政府は9日、液化天然ガス(LNG)の一部を欧州に融通することを決めた。政府の協力要請を受けた日本企業による融通は3月から始まり、同月分は数十万トン規模となる。ロシアの軍事的脅威によるウクライナ情勢の緊迫化で、ロシアに天然ガスの供給を依存する欧州では調達への懸念が高まっており、日本は米国から融通を打診されていた。同盟国間の協調を重視し、連携して欧州を支援する。 ただ、LNGを発電などに使う日本は全量を輸入に頼っており、想定を上回る量の融通を求められれば、電力需給の観点から難しい判断を迫られる可能性がある。
欧州へ3月からLNG融通 政府、ウクライナ緊迫化で連携
今朝の新聞に載っていたのですが、どうもおかしな話だと思いました。 主に二点。
一点目。現状として、天然ガスの供給をロシアに頼る欧州が、ウクライナ情勢の緊迫化により、天然ガスの安定供給懸念持つのはよくわかります。だから、欧州が日本に支援を要請し、それに日本が応じて融通する。 これなら話はおかしくないです。
けど、日本に要請してきたのは、アメリカなんですよね。表向き、アメリカは当事者でもないし、関係ないじゃん。 なんで欧州が出てこないのさ?
二点目。アメリカが日本にLNGの融通を持ちかけていること。 日本は、LNGを海外から輸入しているんだけど、アメリカは世界有数のLNG輸出国なんです。だったら、日本に頼まないで、アメリカが直接欧州に運べばいいだけのことでしょ?
2022年内にアメリカが世界最大のLNG輸出国に躍進すると予想する。
中国が日本抜き世界最大の「LNG輸入国」に浮上
2021年の国別のLNG輸出量で世界一は、8300万トンを輸出したオーストラリアだ。しかし前年比の増加率は1%にすぎなかった。第2位のカタールは8130万トンを輸出し、増加率は2%だった。これに対し、第3位のアメリカの輸出量は前年比52%も増加して7360万トンに達した。
輸出量ではアメリカが2022年内に首位躍進か
距離的にも、日本から欧州に運ぶより(北極海航路は使えないだろうから、日本〜インド洋〜スエズ運河〜地中海経由か)、アメリカから欧州に運ぶ方が(大西洋を越えるだけ)はるかに短時間かつ低コストで済むのに。
萩生田光一経済産業相は9日、欧州に液化天然ガス(LNG)の一部を融通する方針を表明した。政府の要請に応じた日本企業がLNGを積んだ船を3月に欧州に着くように数隻向かわせるという。

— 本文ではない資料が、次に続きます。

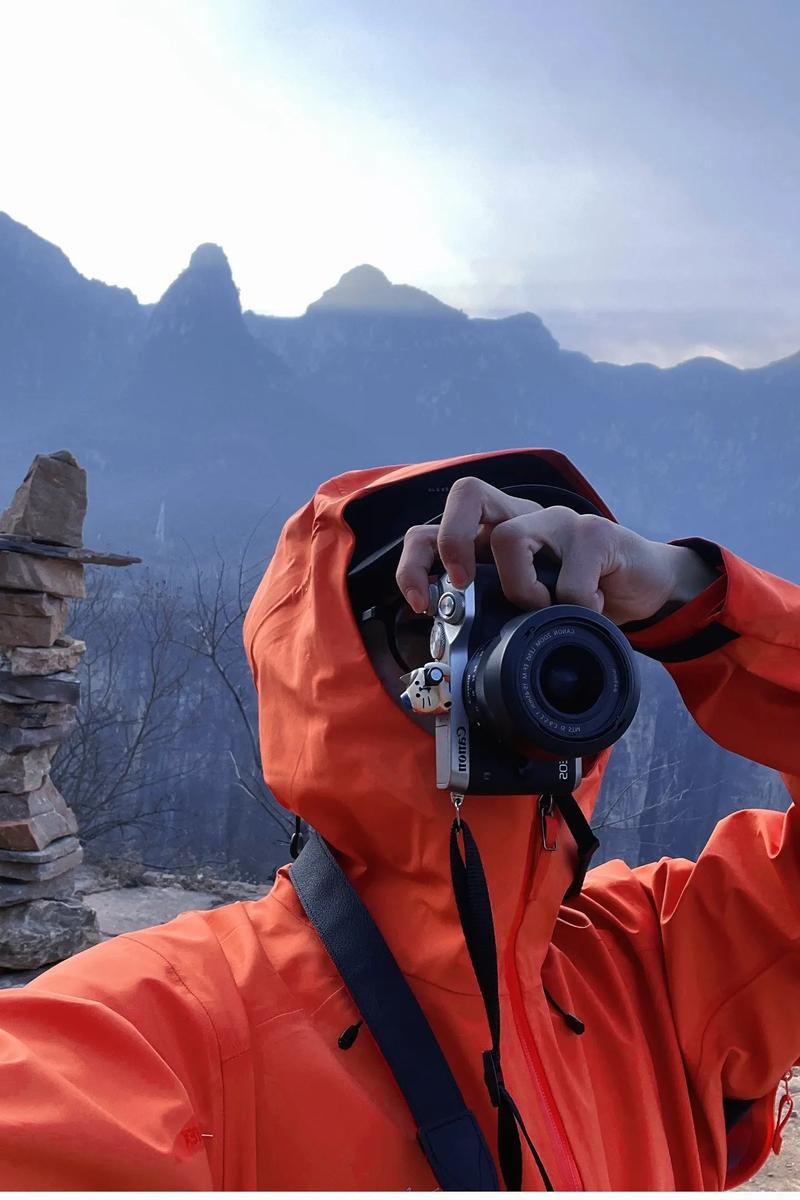 哪个旅游公司好?推荐这6家靠谱的旅游公司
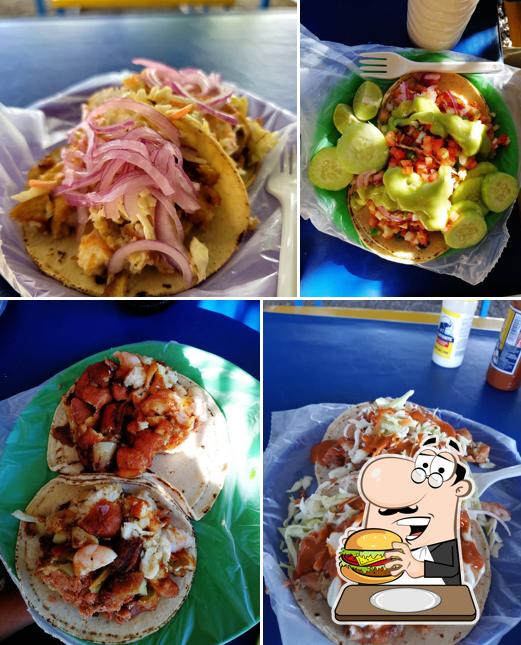 Super Camarón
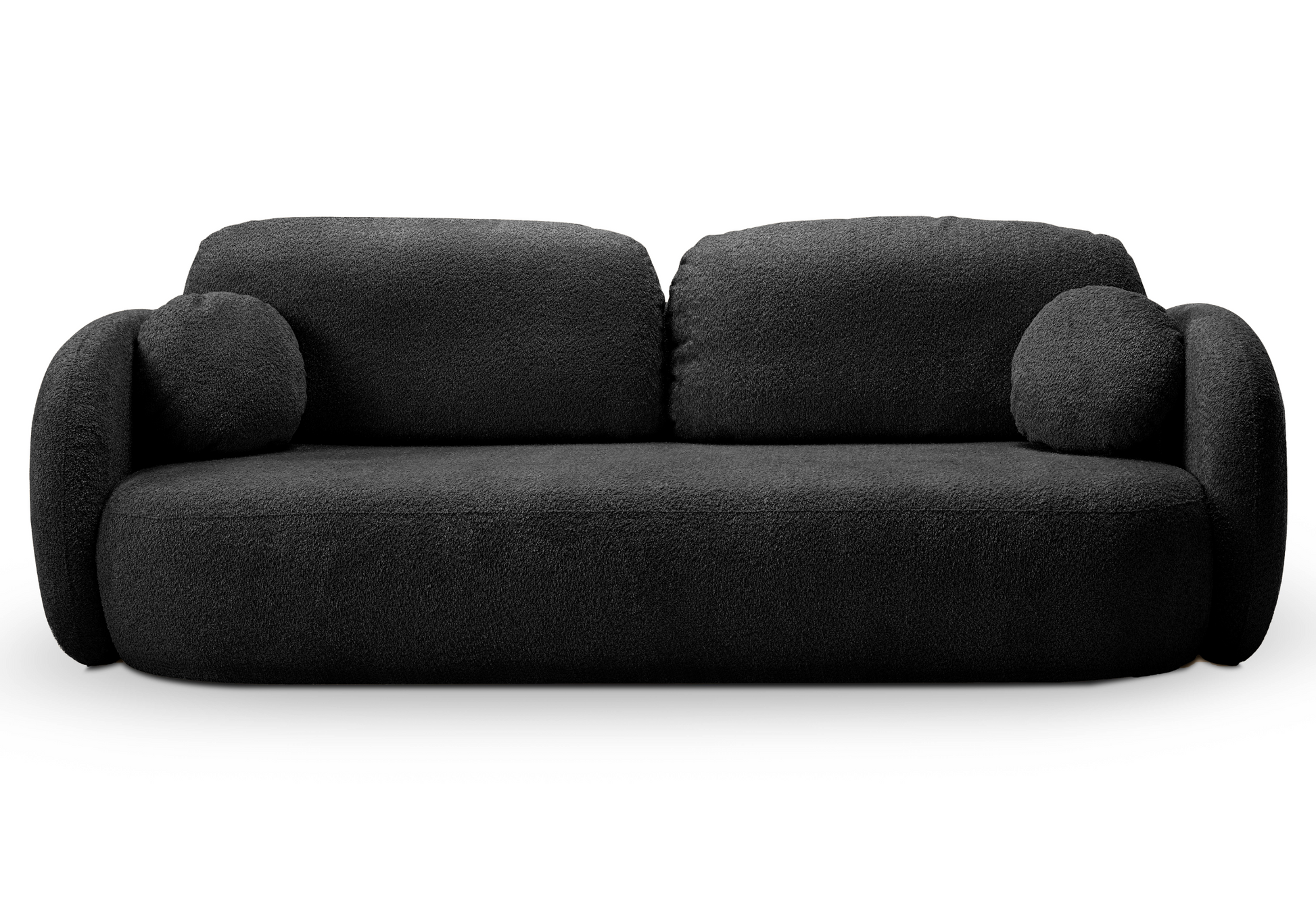 Noir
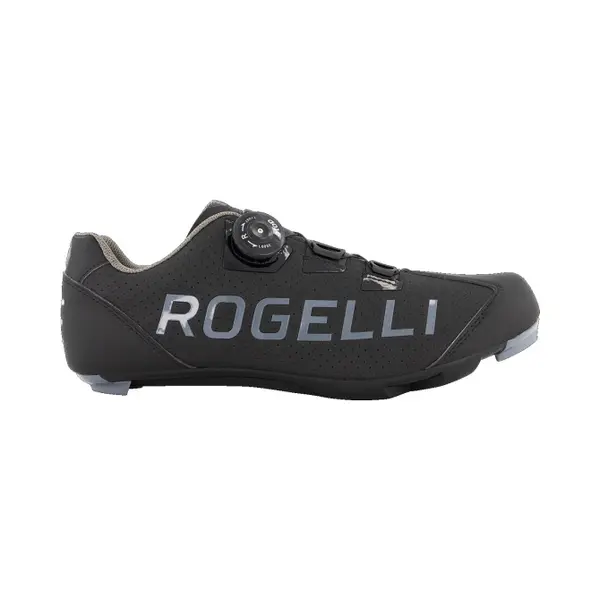 Rogelli Sportswear ROG351774-000_46 niet gecategoriseerd thumbnail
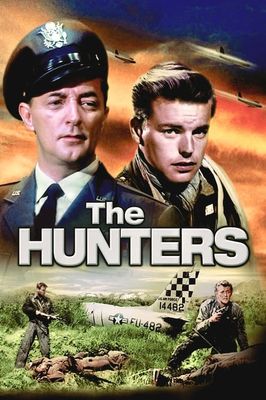 The Hunters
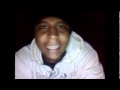 LOUIE Cabin Fever Freestyle (LOUIE- BullyBreed/ZooKrew)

1隻に積めるLNGは7万トンとされ、数十万トン規模になる。
欧州はロシア国営ガスプロムから月800万トン前後のガス供給を受けていた。その規模からすると日本の融通量の数十万トンは数%にすぎない。
欧州へのLNG融通、経産相表明 3月に数十万トン規模
タンカー数隻で済むなら、子分としての「アメリカ親分に付きます(Show the flag)。」表明代として安いものでしょう。けど仮に事が生じた場合、その時は乗りかかった船、タンカー数隻じゃ済まないでしょう。
その場合、どこの国もLNGの備蓄なんてないから、「欧米を支援することで国内の天然ガスが不足し、燃料代やら電気代が値上がりが生じ、国民の不満から政権の支持率が下がる」というリスクを考えておかないといけません。

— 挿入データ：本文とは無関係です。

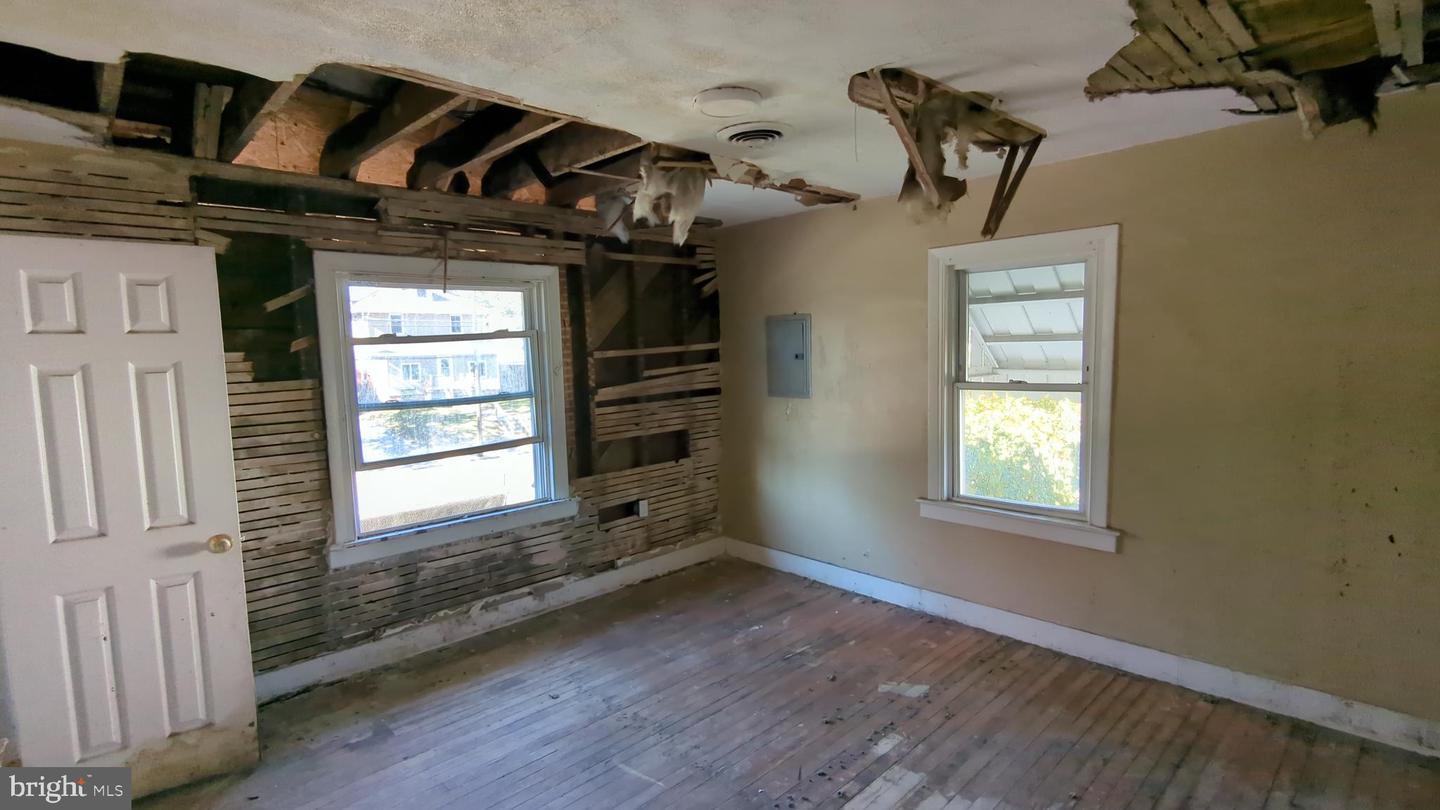 323 S Chester Pike Property Photo 19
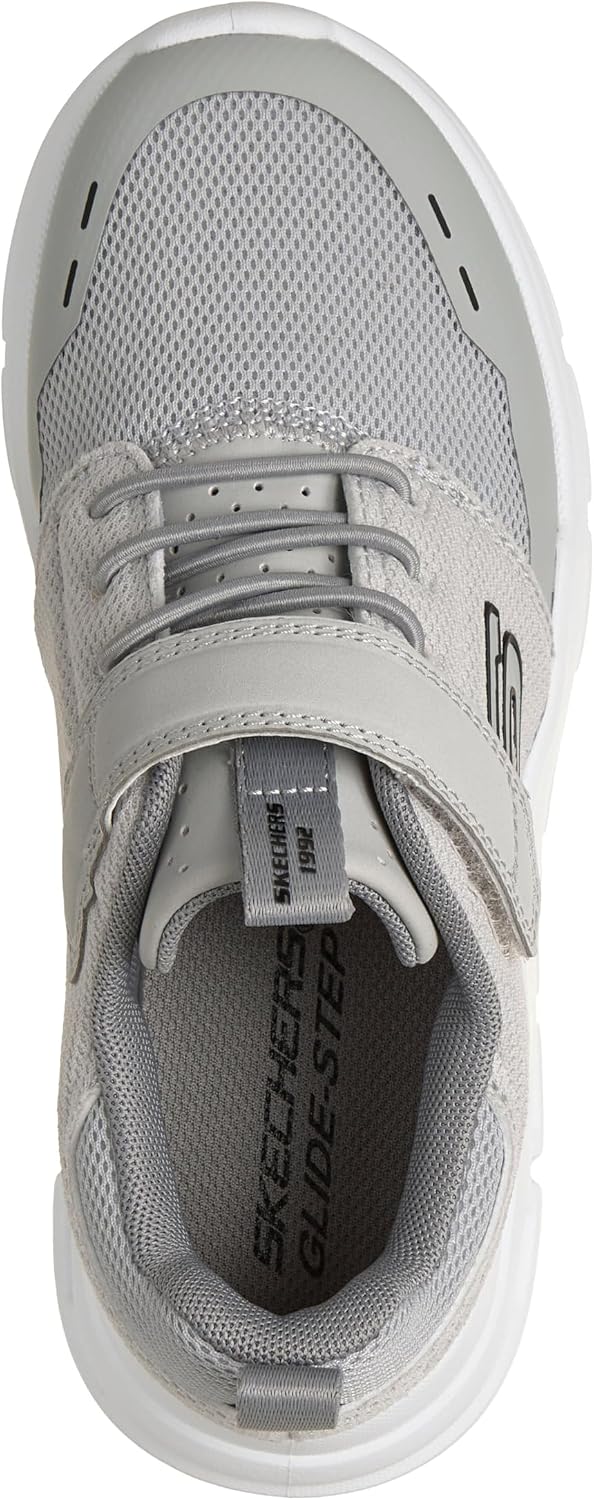 Skechers Boys' Skechers Glide-Step Flow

LNGは石油や石炭と比べて保存しにくく、(日本は)国内需要の約2週間分に相当する300万トンが国内にある在庫の上限とされる。LNG火力は国内の発電の約4割を占める。大雪や寒波で需給逼迫のリスクがあるため、政府は国内のエネルギー供給に支障が出ない範囲で欧州に融通すると決めた。
同上
バイデン政権は、そういう事態が国内で起こることは避けたかったんじゃ?って思っちゃいます。アメリカは2021年の大寒波でそういう事態があったのですね。電力自由化が進んだアメリカでは、寒波で需要が急増した電気の料金が、鬼のように上がった事例があるようで。 一週間で電気代50万円とか、まったく極端な国ですね。
2021年2月15日、テキサス州スプリングで。
テキサス大寒波で電力卸売価格が急騰…電気代が5日間で50万円以上に
テキサス州ダラスの地元紙によると、大寒波で一部の住民は1日に1000ドルの電気代を請求された。需要が増加したため、電力の卸売価格は約百倍になった。
自宅やオフィスの電気代が卸売料金に連動する契約になっている場合がある。
大寒波に襲われて、電力が途絶えた生活にも耐えたテキサス州の住民は、新たな困難に直面している。1週間で5000ドル(約53万円)の電気代だ。
そんなリスクは、日本の岸田くんに取ってもらいましょう!って、悪い方向に行かなきゃいいけど。